Between daydreams and denial
Whereas Sudan urgently needs a political solution to its current crisis, the government is in denial and the opposition refuses to let up until the whole regime falls, writes Asmaa El-Husseini
Once again, Sudan is dealing with its problems using the same old tricks: it played down the size and influence of popular demonstrations that began last month to protest against price hikes on goods and the elimination of fuel subsidies.
Protests escalated to condemning all of the regime's policies and demanding its overthrow -- like in other Arab revolutions, the people of Sudan have started labelling each Friday to encourage protesters. There was "Sandstorm Friday" and "Lick the Elbow Friday" -- in reference to the expression the regime used to challenge the opposition. Last Friday was "Outlaw Friday", which is how Sudan's president, Omar Al-Bashir, described protesters in a recent speech.
The regime refuses to take responsibility for the state of affairs in Sudan after 23 years under its rule. Not only does it deny responsibility and refuse to apologise, but it also continues in its old ways of understating problems and disparaging the opposition. There are no protests, according to some leaders, or they are merely sabotage operations committed by outlaws or others who are being manipulated by Zionist, Western, international or South Sudan conspiracies (the latter which supports armed rebels in Darfur).
The regime has tried to distort the image of peaceful protesters and accuse them of damaging government installations and burning down institutions, including trying to burn down the Sudanese embassy in London where protesters gathered barefoot in large numbers. These offensive claims and accusations have surfaced many times before against regime opponents in the North and South, which make it impossible to genuinely solve any of the country's problems.
Today, demonstrations are attracting world attention and draw more criticism against the regime. Despite the difficulties facing protesters, including the iron fist of Sudan's security agencies, the people are not standing down. There is also heated competition between two camps in Sudan: one wanting to ignite protests to topple the regime after it destroyed the country's unity and threatens to fragment it further if it remains in power; the other camp comprised of the government and its supporters who will organise their own counter protests Friday to defend God and country and which are likely to be well organised.

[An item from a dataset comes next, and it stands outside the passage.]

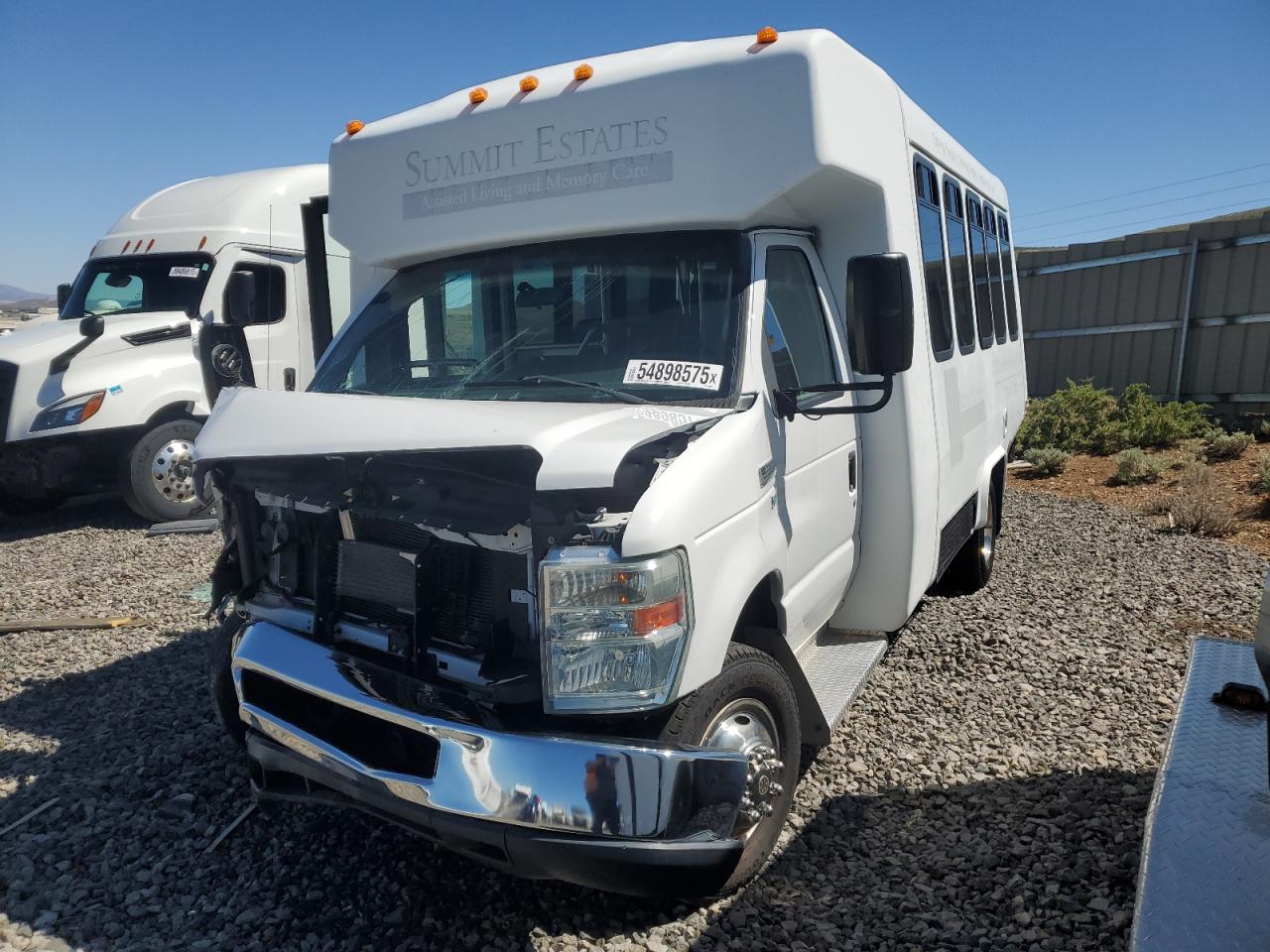 2016 Ford Econoline E350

Responding to demonstrations with counter-protests and offsetting mobilisation with counter-mobilisation will not resolve Sudan's problems, however. There is a dire need for Sudan to avoid sacrificing more, as it has done for decades, in terms of the unity of its people, territories, reputation and dignity of its people who were dispersed everywhere inside and outside Sudan as refugees or internally displaced persons.
Today, there is a dire need to end the bloodshed in unrelenting wars in Darfur, South Kordofan and Blue Nile, and bring the people together in unity. But this is impossible without real solutions, whereby the regime makes genuine sacrifices to end bloodshed inside the country and with neighbouring South Sudan. The best way is the shortest way, unlike the solutions the regime adopted in the past that led nowhere except wasting Sudan's chances at stability, development and progress, while instigating division, discord and war amongst the people.
Finding a political solution is essential for the salvation of all Sudanese people. But the regime rejects the notion and hopes to continue its crackdown on protests, which it insists are limited. It is counting on its ability to resolve the country's economic problems in the next few months, despite the bleak outlook. In turn, the opposition wants to manipulate demonstrations and expand them, not stopping until the regime is removed, without the least consideration on the difficulties and challenges ahead in achieving this goal.
The greatest obstacle in the path of a political solution is the lack of confidence shared across the key players, especially regarding the government, which the opposition views as duplicitous if not criminal.